» **WHAT IS REQUIRED**:
Copy the lines below exactly, starting at the one with "Skipper, Dylan Cogill" and ending at the one with "May include: Black", and leave out any picture.

» **MATERIAL SHOWN**:

• • •

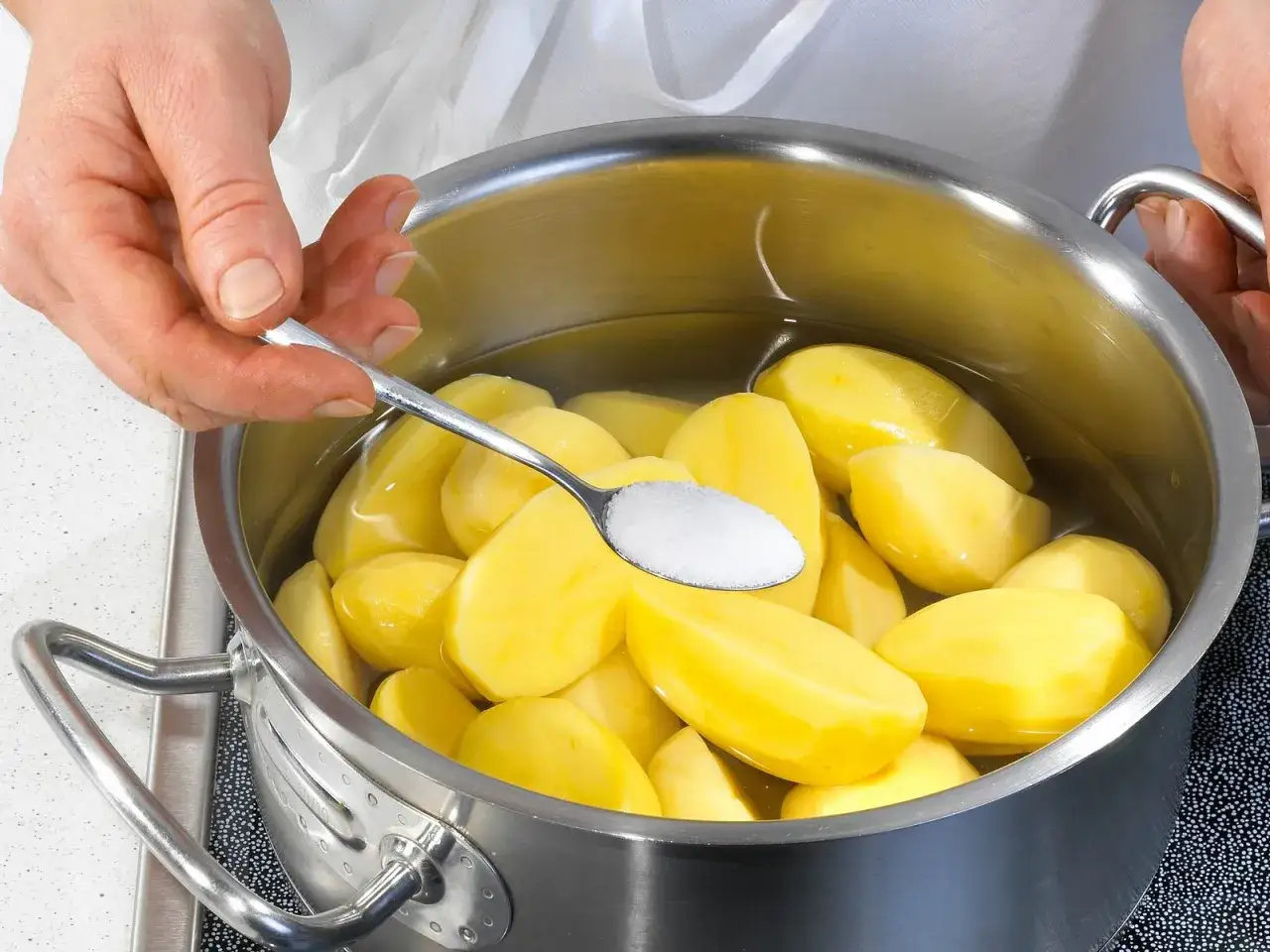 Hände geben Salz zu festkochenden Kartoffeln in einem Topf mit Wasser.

• • •

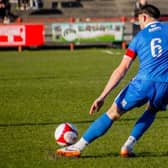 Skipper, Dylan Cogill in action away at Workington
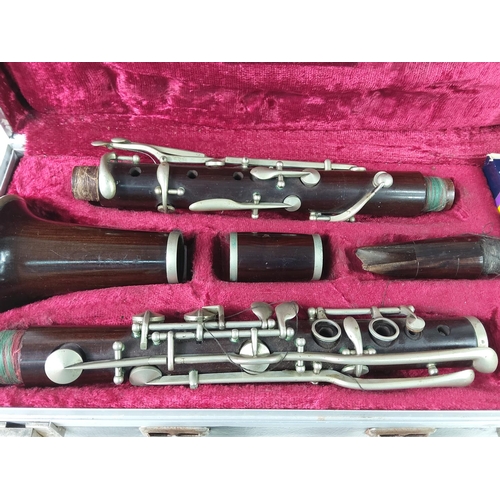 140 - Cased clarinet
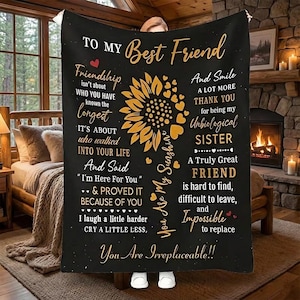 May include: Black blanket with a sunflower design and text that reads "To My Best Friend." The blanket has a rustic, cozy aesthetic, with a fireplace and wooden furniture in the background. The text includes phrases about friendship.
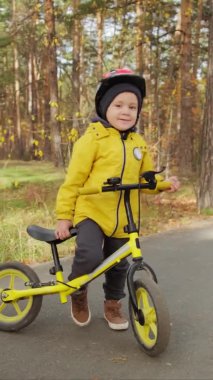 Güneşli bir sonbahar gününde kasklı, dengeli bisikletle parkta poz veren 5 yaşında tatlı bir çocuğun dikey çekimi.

• • •

» **YOUR RESPONSE**:
 Skipper, Dylan Cogill in action away at Workington
 140 - Cased clarinet
 May include: Black blanket with a sunflower design and text that reads "To My Best Friend." The blanket has a rustic, cozy aesthetic, with a fireplace and wooden furniture in the background. The text includes phrases about friendship.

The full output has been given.